There have been numerous blogs, articles, and websites that have created meaningful dialogue on the topic of the skills necessary for the 21st century learner. As part of my #tiegrad courses, I have been asked to contribute to this topic by adding my own set of skills. I designed this model to help myself make the connections between the people, the content, and skills required for learners in the 21st century.
Four skills important for the 21st Century learner that relate to my practice are social and emotional skills, and physical/natural skills, basic (core) academic skills, and higher-level thinking skills. When these skills are supported and practiced by the school, home, and the community, and combined with authentic, meaningful and real-world practice we are preparing our learners to make positive contributions to society.

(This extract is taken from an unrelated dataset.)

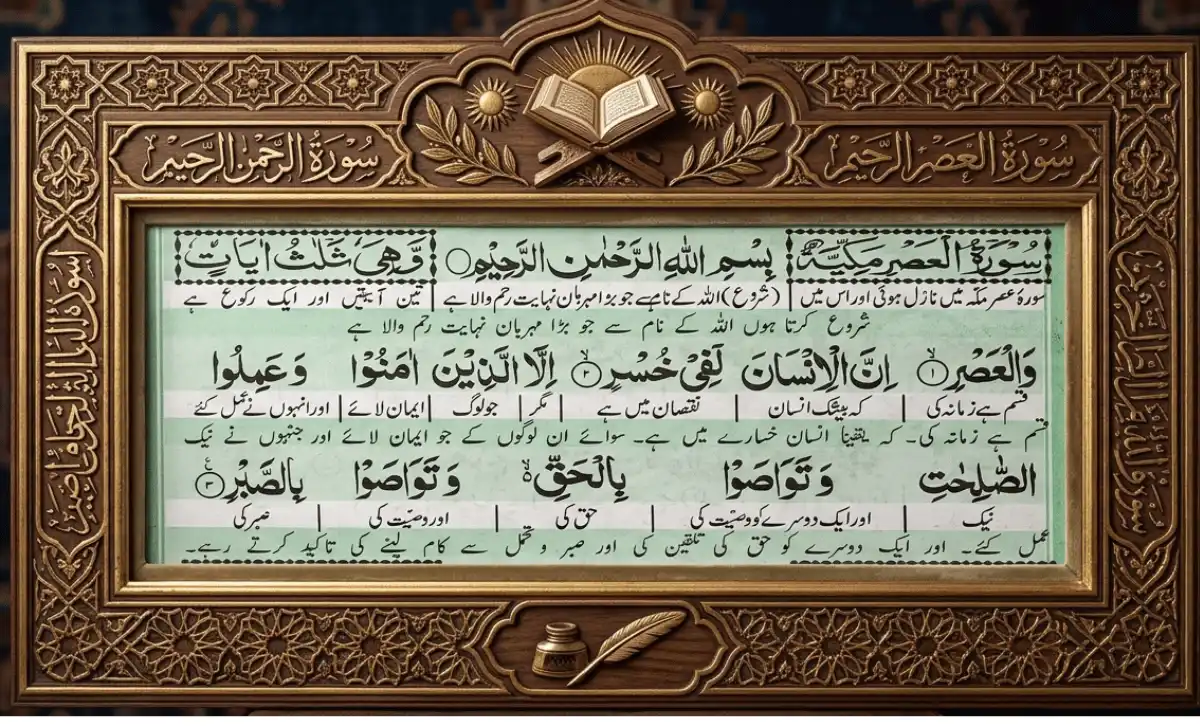 Surah Al-Asr with Urdu translation explaining meaning, benefits, and daily wazifa for success and time barakah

Skills in order of importance:
1. Social and Emotional Skills
“Research conducted during the past few decades indicates that social and emotional learning programming for elementary- and middle-school students is a very promising approach to reducing problem behaviors, promoting positive adjustment, and enhancing academic performance.” – John Payton, CASEL
I have written about the importance of social and emotional skills in learning before. As we become more connected in a technology sense, we become less connected in a face-to-face sort of way. The skills required to be successful in the real world involve collaborating and problem solving with others. Humans are far more productive and effective when they work together in groups consisting of people with different strengths and not independently. The 2008 CASEL report, The Positive Impact of Social and Emotional Learning for Kindergarten to Eighth-grade Students emphasizes the importance of these life skills and their direct correlation to academic success.
2. Basic Core Academic Skills
It is critical to develop basic core academic skills in learners, as they are lay the foundation for the development of higher order thinking skills later in life. How is it possible to develop a cell phone battery that lasts an entire day without knowing how electricity flows in a circuit? I feel there is a shift in education towards engaging our learners in higher order thinking skills such as critical thinking, synthesizing, evaluating, and producing at the cost of developing basic academic skills. Higher-level thinking skills are important but there needs to be a balance between these skills and the development of foundational skills. In my experience those learners who know their times tables are far more effective at completing multiplication task when compared to those who. They are stronger at working on problem solving, and generally enjoy mathematics more than those who struggles with basic computation. It can be compared to children reading for information. Fluent readers are far more effective at reading for information when compared to those learners who need to decode, break apart, and sound out the majority of the words they read. Learners need opportunities to repeat tasks over and over to achieve mastery. If they are constantly challenged with new material they may suffer from academic burnout and shut down – effectively stagnating their learning process. In Kelly Tenkely’s article, Why Drill and Skill are Necessary in Education and later comments she defends the need for drill and skill in education. By no means does she suggest that her entire curriculum should be founded on these skills, rather she advocates for balance. “These activities give students an opportunity to practice a skill and become familiar with it before creating with it. Drill and skill games and activities give students room to find patterns and build understanding.”
3. Physical/Natural Skills
“We have such a brief opportunity to pass on to our children our love for this Earth, and to tell our stories. These are the moments when the world is made whole.”
A 2013 Maclean’s article titled, Early education: this is not a field trip reports on a pilot kindergarten program designed to exposed young children to the wonders of nature. With “90 per cent of Canadian children are gaming and six out of 10 households have a gaming console” there exists evidence that children are not spending the same amount of time playing outdoors as they once did. Children who do not engage in active play outdoors don’t learn to socialize, share, and problem solve in the same way children who are in touch with nature do. In my experience, students spend entire weekends playing video games, and rather venture outside to play. A healthy balance between indoor and outdoor play has been lost.
4. Higher-Level Thinking Skills
We need to develop, in our learners, the ability to use the technology that exists at their fingertips today, the technology that will be developed in the future. I genuinely believe we need to be raising a generation of socially conscious learners who, through the use of technology, can make the world a safer and healthier place for generations to come. By facilitating the learning of higher-order thinking skills such as problem solving, critical thinking skills, a sense of inquiry, comparing and identifying ideas, and using old concepts to create new ideas, we can encourage our learners to innovative. The basis of robust learning design focuses more on what learners can do with knowledge and not how much knowledge they can retain.
In summary, there are many skills that are useful for today’s learner. You may or may not agree with the importance of these skills I suggested or how they relate to today’s learner, but in my experience and based on the 9-11 year olds I work with, these are important skills. When learners have a strong support network, when they engage with content that is relevant and meaningful, when they are allowed to follow their own paths of inquiry, and have their physical and emotional needs met, they take a step closer to becoming lifelong learners.
What skills do you think are necessary for your learners now and in the future?